After reading an article about hard disk cloning with Clonezilla on Lifehacker, I decided to take care of my laptop’s dire need of free space by buying a new, larger internal hard disk – instead of buying an external one – to replace its current one. I figure I can shave about IDR 150,000 in the process while learning one or two tricks on hard disk cloning – an area I’ve never touch in my entire life before.

Little that I know that the experience was anything but smooth. The fact that the article described a different condition with the one I was facing hit me hard. You see, I’m trying to replace a smaller (160 GB) hard disk with two partitions (system and data) with a larger (500 GB) hard disk (which I was intending to be partitioned into two as well). Apparently this complicates matters quite a bit. So, in case you have the same predicament as mine, I’ve documented the right way to do it below.

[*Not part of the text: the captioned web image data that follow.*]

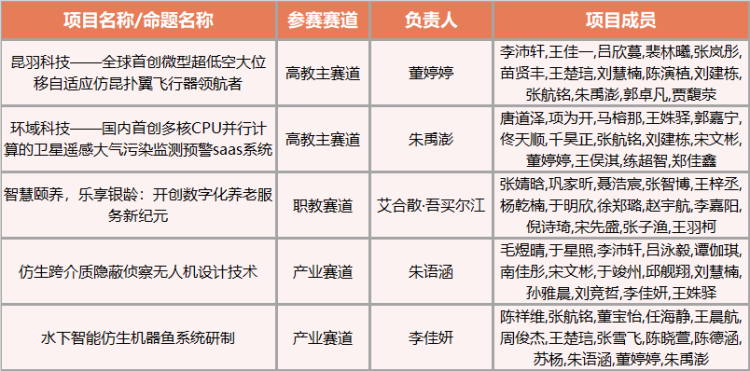 中国遥感飞机首飞40周年航空遥感实现从引进改装到自主创新跨越(图1)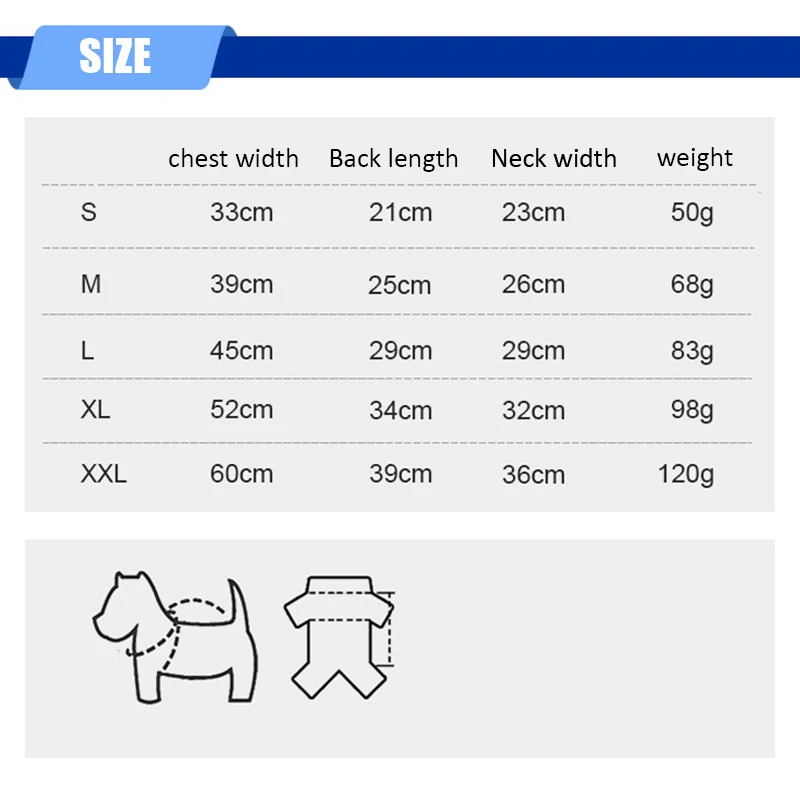 size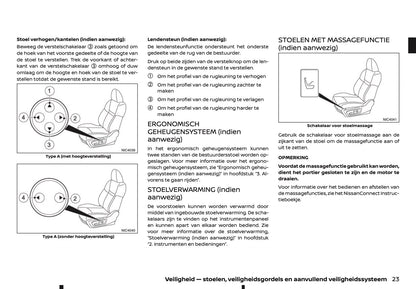 2021-2022 Nissan Qashqai Owner's Manual | Dutch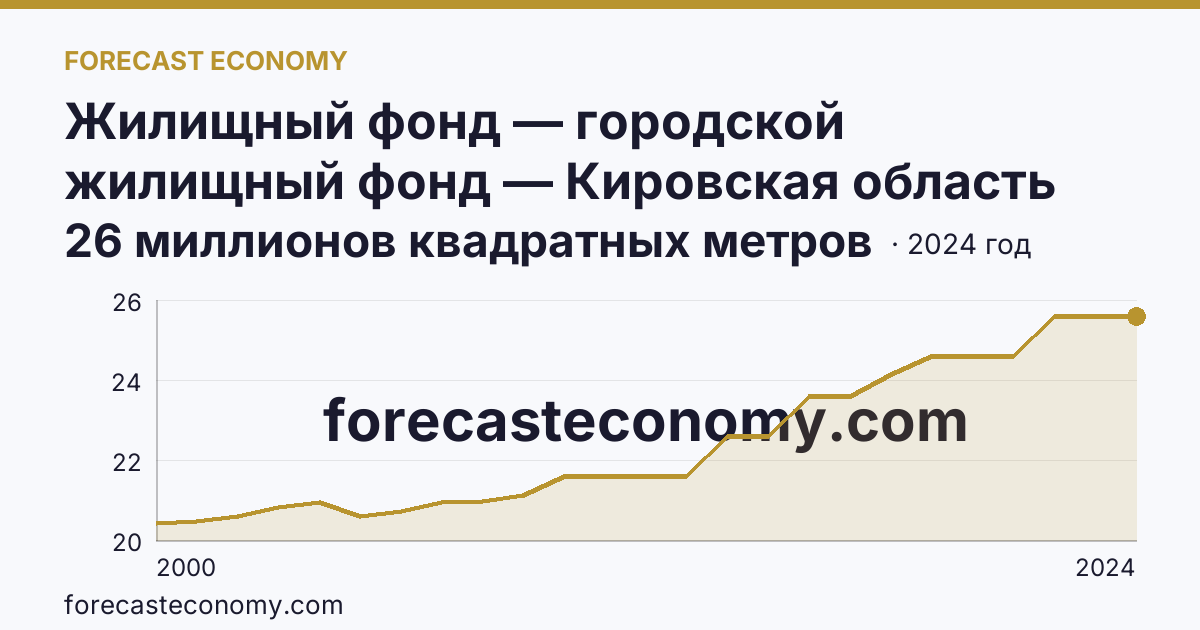 Жилищный фонд — городской жилищный фонд — Кировская область: график динамики 2000–2024, последнее значение 26 миллионов квадратных метров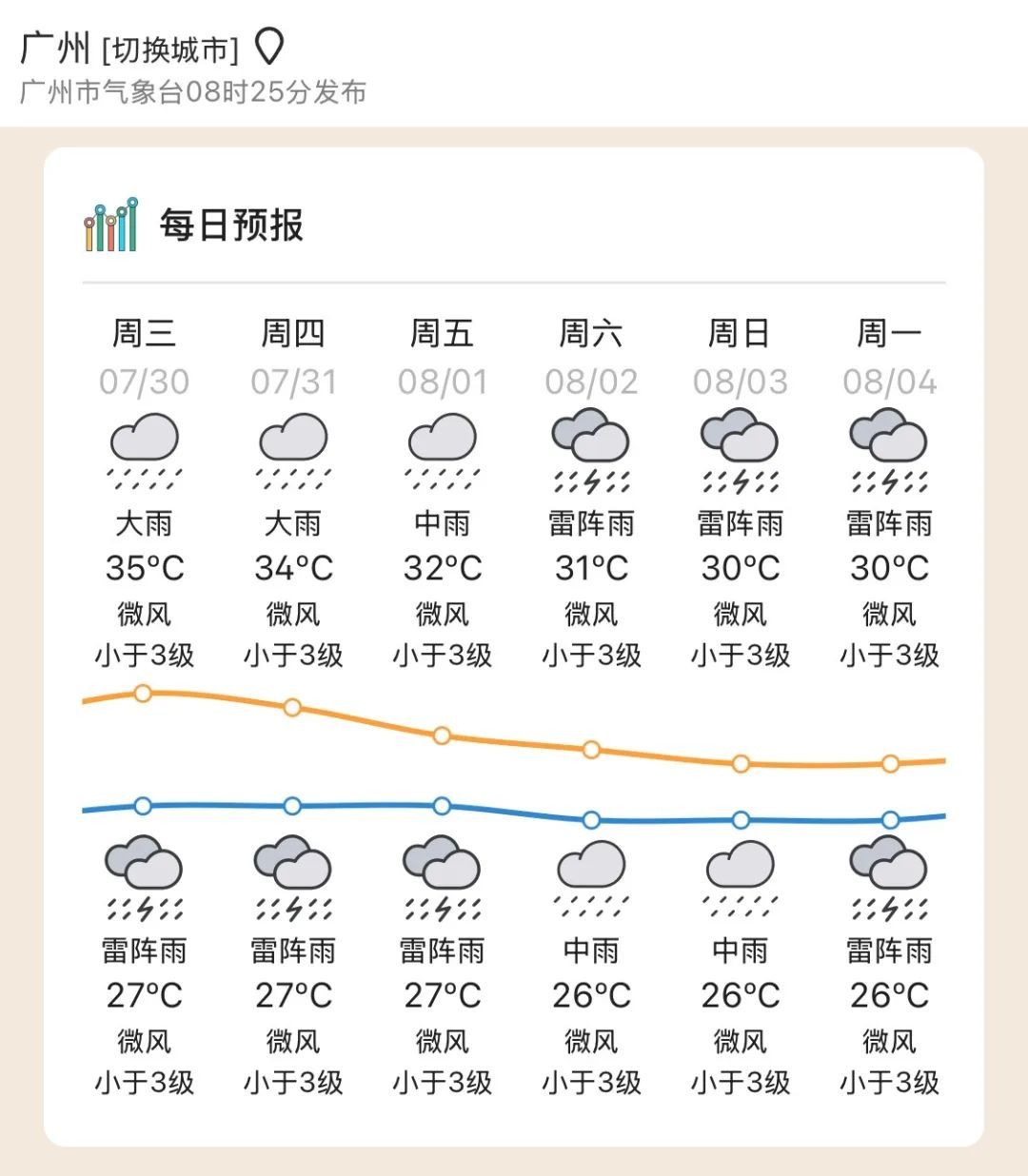 台风“竹节草”今天登陆！广东未来一周或将“雨雨雨”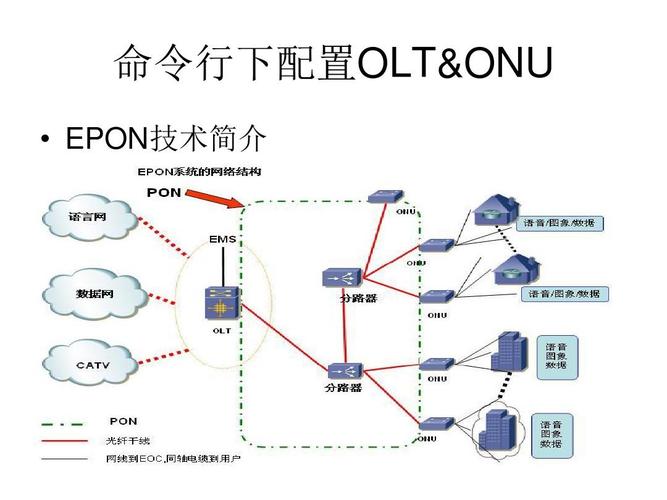 网络epp是什么意思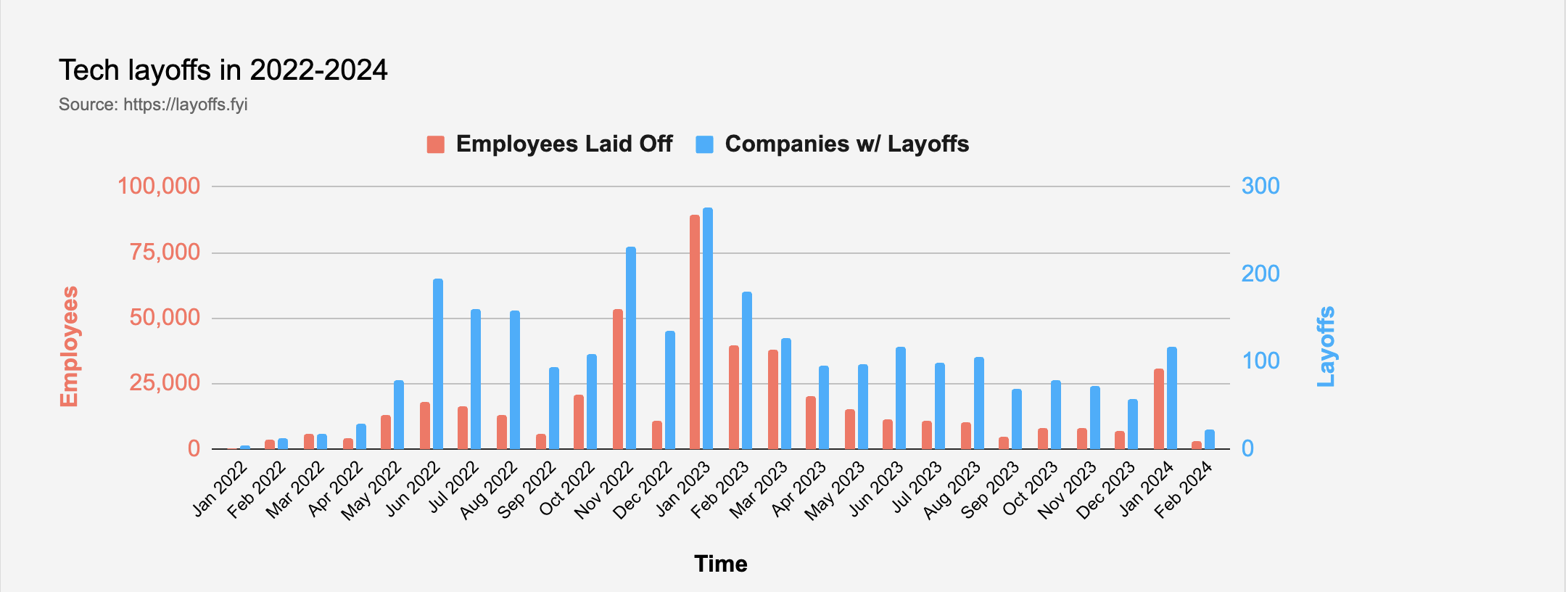 startup companies layoffs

Before we get started, here are the things you’ll need and should prepare beforehand.

  • A zipped copy of Clonezilla.
  • A USB flash disk with enough space to house the Clonezilla – 128 MB ought to do it.
  • Windows 7 original installation DVD.
  • A SATA-to-USB external hard disk enclosure.
  • Small screwdriver.
  • Patience. A lot of it.

After that, here is the right step to move your Windows 7 partitions from a smaller hard disk into a larger one.

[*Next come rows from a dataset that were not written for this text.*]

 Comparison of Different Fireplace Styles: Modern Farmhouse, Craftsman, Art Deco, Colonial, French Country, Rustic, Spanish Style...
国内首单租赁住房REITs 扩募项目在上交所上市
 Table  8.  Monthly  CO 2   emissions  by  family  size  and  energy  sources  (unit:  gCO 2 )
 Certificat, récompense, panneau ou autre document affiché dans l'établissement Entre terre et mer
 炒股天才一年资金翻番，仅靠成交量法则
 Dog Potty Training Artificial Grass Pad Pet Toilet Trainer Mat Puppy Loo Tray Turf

  1. Prepare your Clonezilla-on-a-stick. Follow the instructions carefully.
  2. Using the SATA-to-USB external hard disk enclosure, create a primary (system) partition on your new, larger hard disk. Follow the instructions here.
  3. Format the new primary (system) partition with NTFS. Leave the second partition unallocated.
  4. Switch your larger hard disk with the one installed on your laptop. Come on, use your elbow grease once in a while, people! Put the larger disk in the laptop and the smaller one on the SATA-to-USB interface.
  5. If the SATA-to-USB is still plugged-in, unplug it.
  6. Plug the Clonezilla-on-a-stick and boot from that location.
  7. Image by Clonezilla.org

    From the boot menu, choose Clonezilla live (Default settings, VGA 1024x768).

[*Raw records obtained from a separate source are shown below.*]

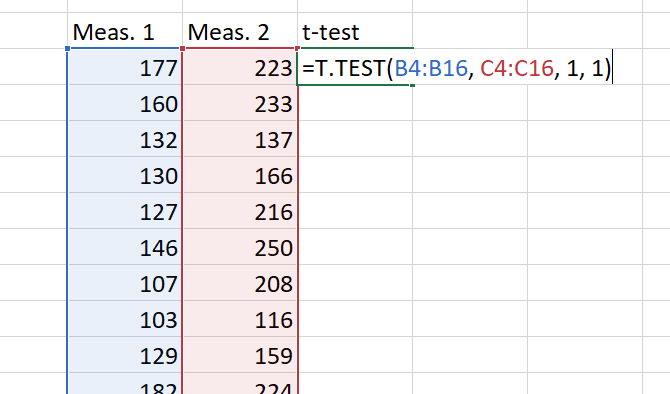 hoe basisstatistieken in Excel te berekenen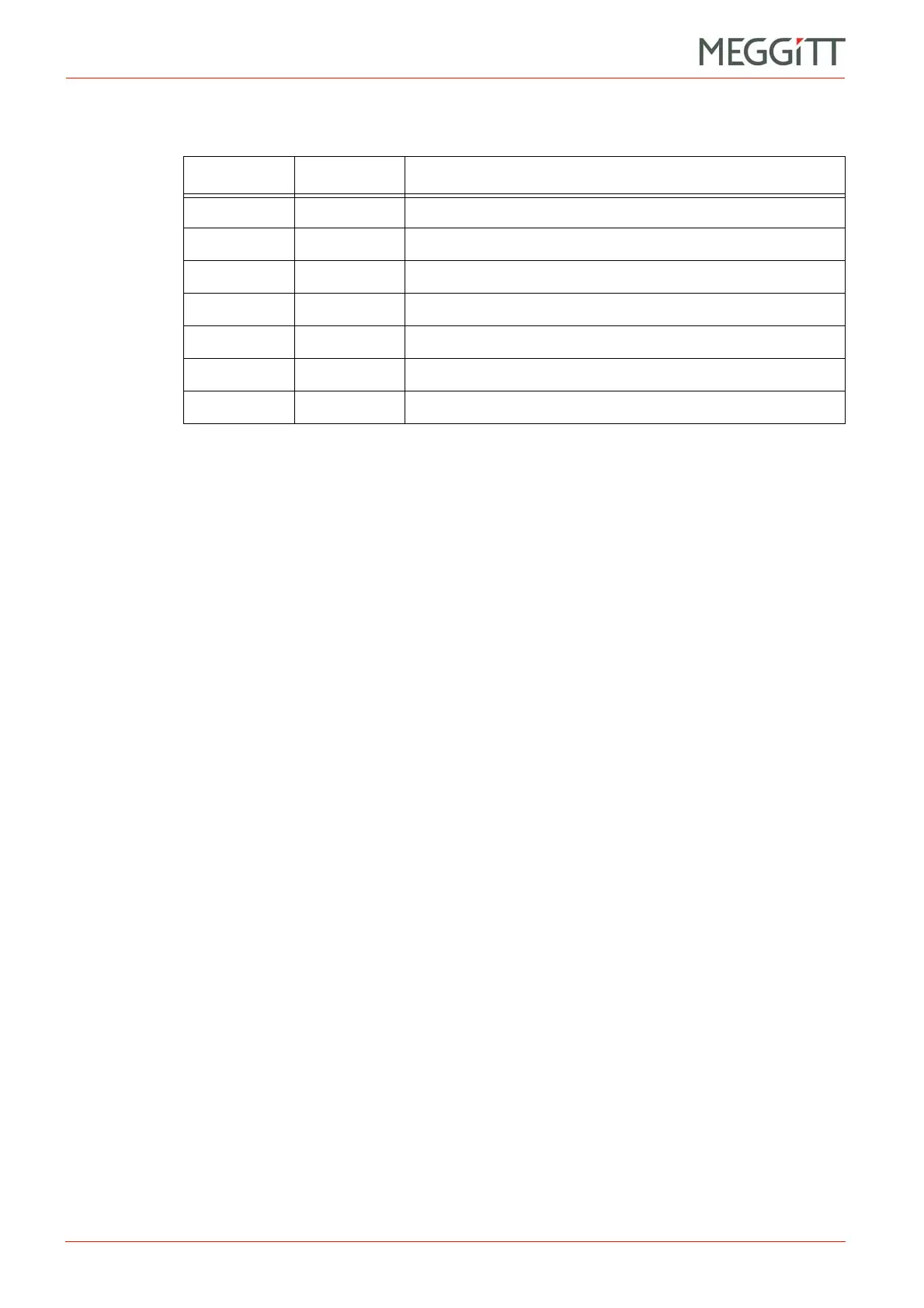 Page #126 background image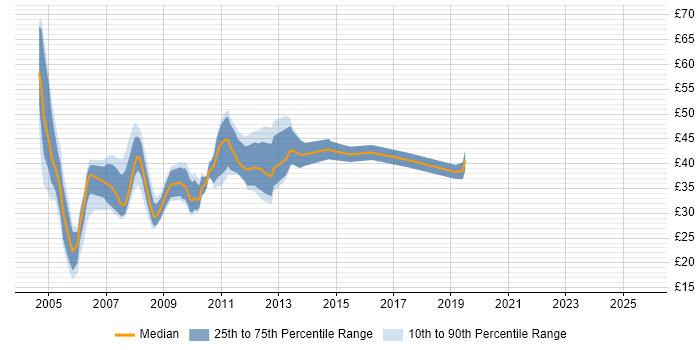 Contractor hourly rate distribution trend for jobs in the City of London citing C#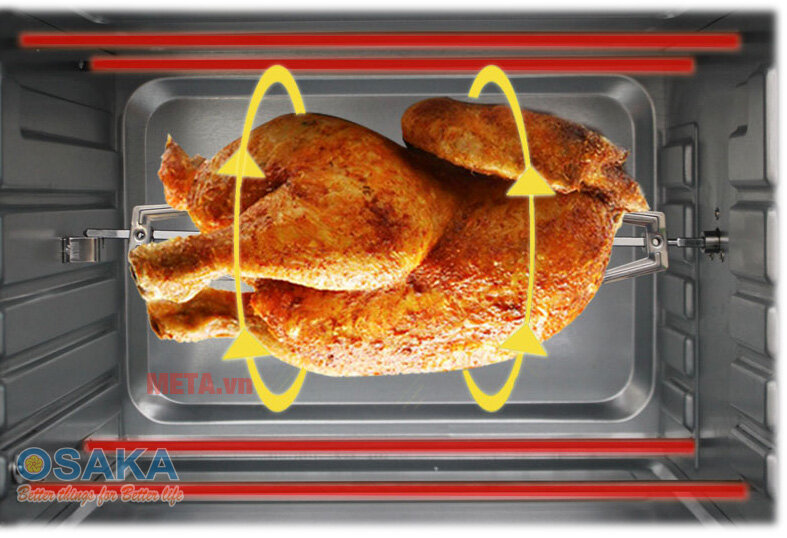 Lò nướng thùng Osaka TO-25LW 25 lít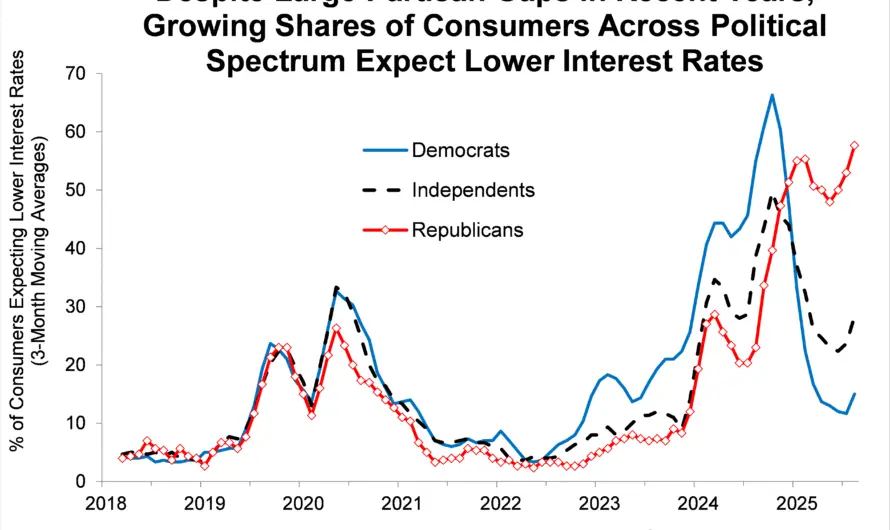 UofM’s Consumer Sentiment Index Drops Sharply as Inflation and Tariff Worries Mount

  8. Image by Clonezilla.org

    Just press the Enter key when prompted for default language.

  9. Image by Clonezilla.org

    Press the Enter key again when prompted for keyboard layout.

  10. Image by Clonezilla.org

    Choose Start_Clonezilla.

  11. Image by Clonezilla.org

    When prompted, choose device-device operation.

  12. Image by Clonezilla.org

    Next, choose Expert mode.

  13. You can plug the SATA-to-USB back in. Clonezilla will automatically detect the old drive.
  14. .

    At this prompt, select the part_to_local_part option.

  15. Choose the source and target disk carefully.
  16. .

    Make some changes to the default extra options to Clonezilla expert mode.

  17. .

    Make some changes regarding the partition table to use the -k1 option.

  18. Image by Clonezilla.org

    After a while (depending on the size of your disk) the cloning process will be done.

  19. Turn your machine off and unplug the Clonezilla-on-a-stick and SATA-to-USB interface.
  20. Insert your Windows 7 original installation DVD to your DVD-ROM drive and boot from the DVD.
  21. Run the Windows 7 System Recovery Options. Follow the instructions here.
  22. Run the Startup Repair options of the Windows 7 System Recovery Options. Before doing this, you have to make sure that the partition is marked as “active” [Thanks to Jesse van Oort]. Afterward, follow the instructions here.
  23. Reboot. You should be having your old Windows 7 installation running normally on the larger hard disk by now.
  24. Create your second partition and format it now.
  25. Connect your old hard disk through the SATA to USB interface and copy your old second partition’s files to your new one.

That’s it. If you do the steps carefully, all will be well. Hopefully.

34 Responses to “How to Properly Clone a Windows 7 System Partition with Clonezilla”

  1. This I gonna try…thanx for the article…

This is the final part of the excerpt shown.